Second order non linear inhomogeneous differential equation.. :(

Apr 2009
108
0
Solve

y''= x^3/y

I tried by using let u=y'

then I get

u'=x^3/y .. now something tells me this is not going to be an easy ride home.
 

chisigma

MHF Hall of Honor
Mar 2009
2,162
994
near Piacenza (Italy)
Lets write the second order DE as...

\(\displaystyle y^{''} y = x^{3}\) (1)

... and suppose that the solution is analytic in \(\displaystyle x=0\) so that is...

\(\displaystyle y(x)= a_{0} + a_{1} x + a_{2} x^{2} + \dots + a_{n} x^{n} + \dots \) (2a)

\(\displaystyle y^{'} (x) = a_{1} + 2 a_{2} x + 3 a_{3} x^{2} + \dots + n a_{n} x^{n-1} + \dots\) (2b)

\(\displaystyle y^{''} (x) = 2 a_{2} + 6 a_{3} x + 12 a_{4} x^{2} + \dots + n(n-1) a_{n} x^{n-2} + \dots\) (2c)
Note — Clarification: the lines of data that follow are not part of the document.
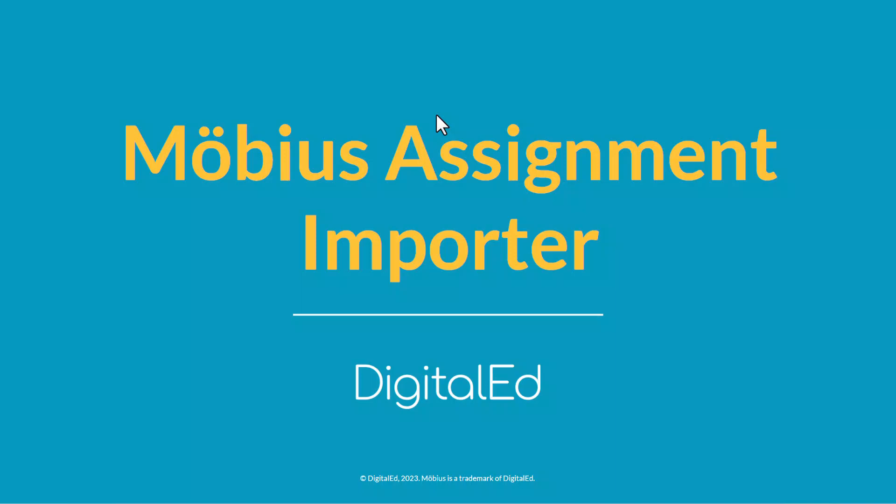When adopting Mobius, your teams don't need to start from scratch creating their content. The Mobius Assignment Importer makes it easy to bring over existing assignments and questions your faculty are already using from Google Docs or Microsoft Office and have them automatically created for you in Mobius.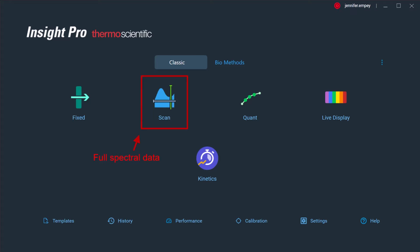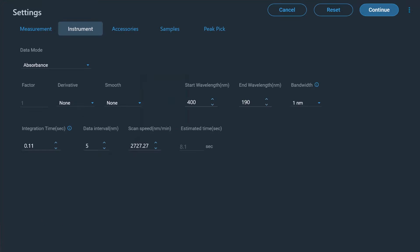The Scan application allows the user to specify a wavelength range by which an absorption or reflectance spectrum can be collected. The measurable range for all Evolution instruments is 190 nanometers to 1100 nanometers. As with the Fixed application, the bandwidth and integration time can be adjusted. In addition, the data interval or scan speed can also be specified if required.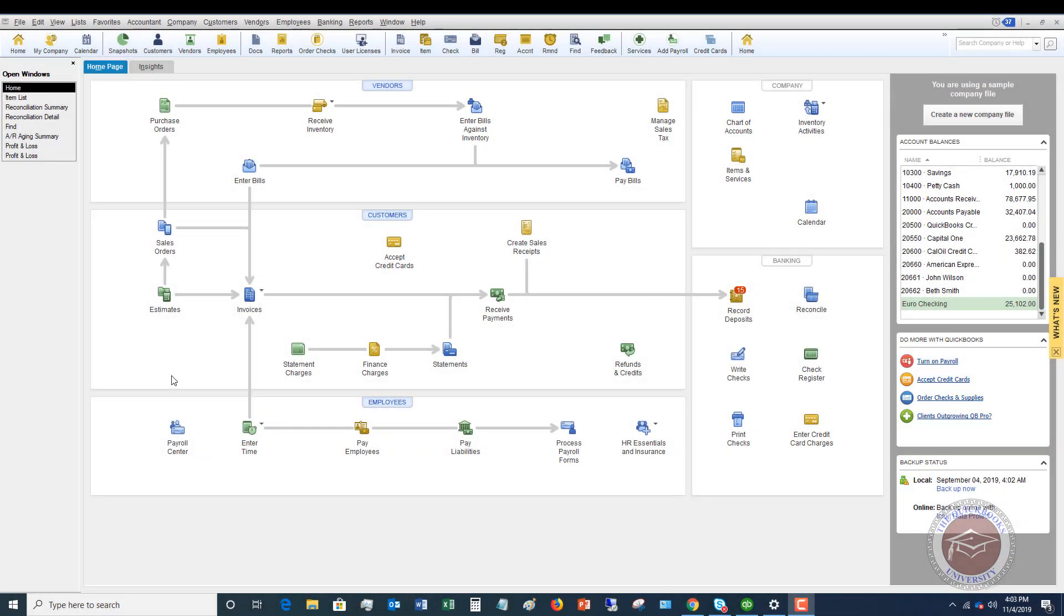Welcome to this QuickBooks 2019 tutorial for beginners on how to enter a sales tax refund. This can happen occasionally where you go in, you pay your sales taxes in QuickBooks, you file your forms, and you get a refund check in the mail. And you got to know what to do with it.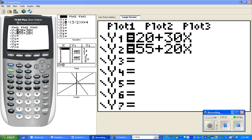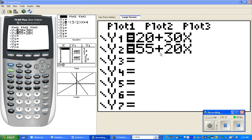This is a quick lesson on how to change the window when you can't see the graph. We're looking at two equations: y equals 20 plus 30x and y equals 55 plus 20x.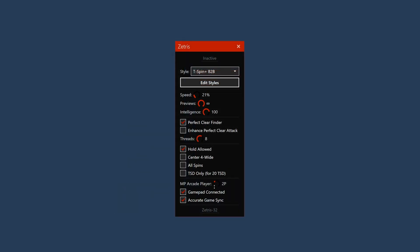The speed setting configures how fast Zetris will play. The preview setting configures how many future pieces Zetris will consider while making a decision. And the intelligence setting configures how many less obvious placements Zetris will explore.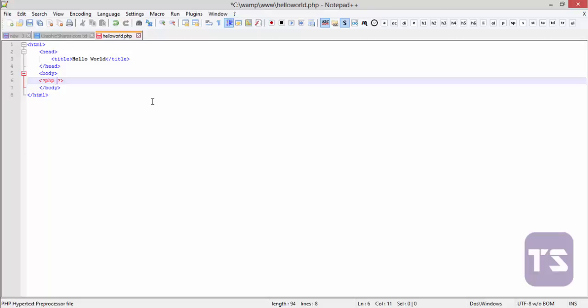And now we're going to use a function called echo. Hello world. And a semicolon after that.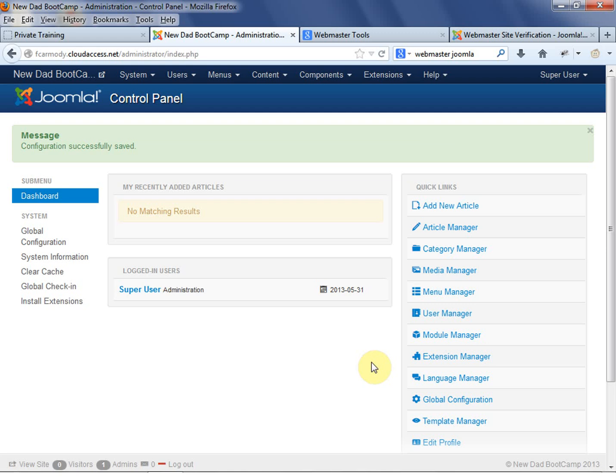Listing your site on Google should be the very last thing you do. Because once you list your site on Google, they're going to crawl it and make immediate decisions about whether to list your site or what rank to give it.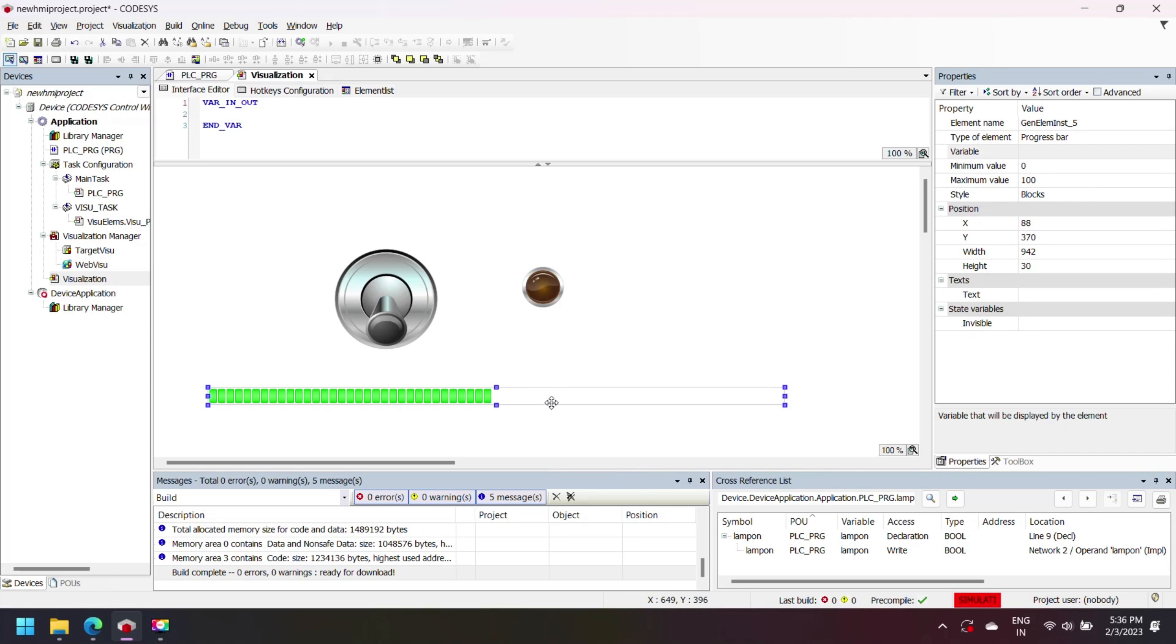Change maximum value and minimum value of progress bar. In CoDeSys all properties are shown in property window. You can easily change as per your demand.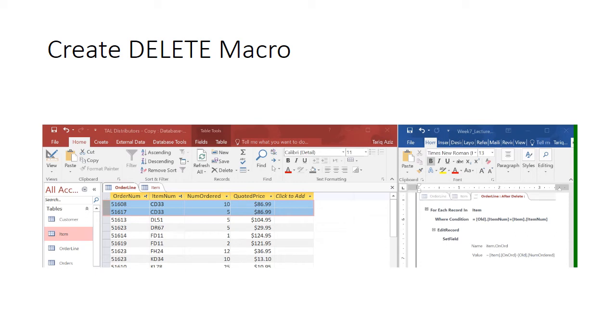Bismillah and welcome again. Now we'll go for the after delete macro. So you see, we have two CD33 records.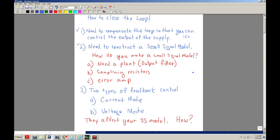So how do you make a small signal model? First you need a plant — in a power supply, you can think of it as the output filter. Second, in the feedback loop, you need your sampling resistors, because you're going to sample your output voltage and feed back a little bit of that voltage to the error amp. The error amp decides which way to control the PWM. The third thing you need is an error amp.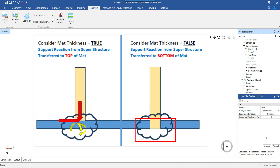Whatever forces are transferred from the superstructure will be used as-is for the analysis of the mat foundation.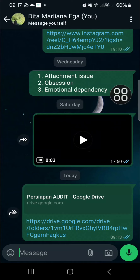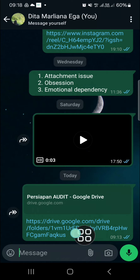Hello guys, welcome back to this channel. In today's tutorial, I'm going to show you how to attach files, pictures, or videos in a shared link by Google Drive. I have prepared my shared link — I got this link from my friend and I have been invited to collaborate in that shared link.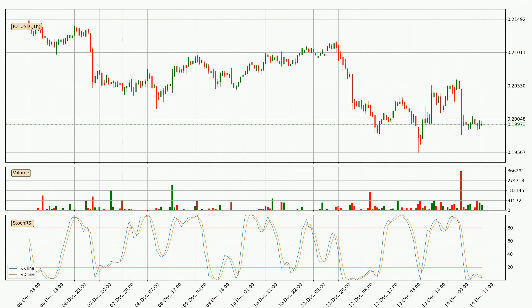Moving to the hourly stochastic RSI, both the percent K and percent D lines are in the lower region, which means that the price is getting oversold and soon a trend change or at least some kind of consolidation could be expected. However, the K line still hasn't crossed the D line, so it should be waited to see if the trend will actually change to the upside.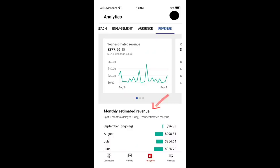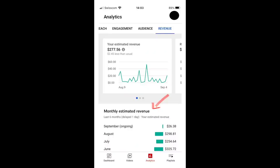Next up, let's talk about a launch: new YouTube analytics reports available on mobile. What we're talking about here is our effort to bring more studio desktop features to mobile. As part of this, we're launching new reports under the revenue tab, highlighting monthly revenue and revenue from transactions — stuff like memberships, super chat, et cetera.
The \(\displaystyle a_{n}\) are found inserting the (2a) and (2c) in (1), once we know the 'initial conditions' \(\displaystyle y(0)=a_{0}\) and \(\displaystyle y^{'} (0) = a_{1}\) ...

\(\displaystyle 2 a_{0} a_{2} =0 \rightarrow a_{2} = 0\)
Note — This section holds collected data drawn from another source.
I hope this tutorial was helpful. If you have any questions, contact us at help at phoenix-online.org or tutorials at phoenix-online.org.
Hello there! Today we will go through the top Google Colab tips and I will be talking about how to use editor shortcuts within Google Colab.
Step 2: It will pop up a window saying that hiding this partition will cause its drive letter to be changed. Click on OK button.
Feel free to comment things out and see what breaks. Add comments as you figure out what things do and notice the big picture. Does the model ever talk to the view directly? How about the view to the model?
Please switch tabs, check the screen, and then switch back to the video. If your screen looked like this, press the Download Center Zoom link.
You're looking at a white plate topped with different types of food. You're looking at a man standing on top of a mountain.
\(\displaystyle 6 a_{0} a_{3} + 2 a_{1} a_{2} = 0 \rightarrow a_{3}=0\)

\(\displaystyle 12 a_{0} a_{4} + 6 a_{1} a_{3} + 2a_{2}^{2}= 0 \rightarrow a_{4}=0\)

\(\displaystyle 20 a_{0} a_{5} + 12 a_{1} a_{4} + 8a_{2} a_{3}= 1 \rightarrow a_{5}= \frac{a_{0}}{20}\)

\(\displaystyle 30 a_{0} a_{6} + 20 a_{1} a_{5} + 12a_{2} a_{4} + 6 a_{3}^{2} = 0 \rightarrow a_{6}= - \frac{a_{1}}{30}\)

... and so one...

Kind regards

\(\displaystyle \chi\) \(\displaystyle \sigma\)
 

HallsofIvy

MHF Helper
Apr 2005
20,249
7,909
Why assume x=0?

Why not just start with u=y' ?
Because then you get a single equation with the two unknown functions, u and y.

And he did NOT "assume x= 0", he assumed the solution was analytic at x= 0.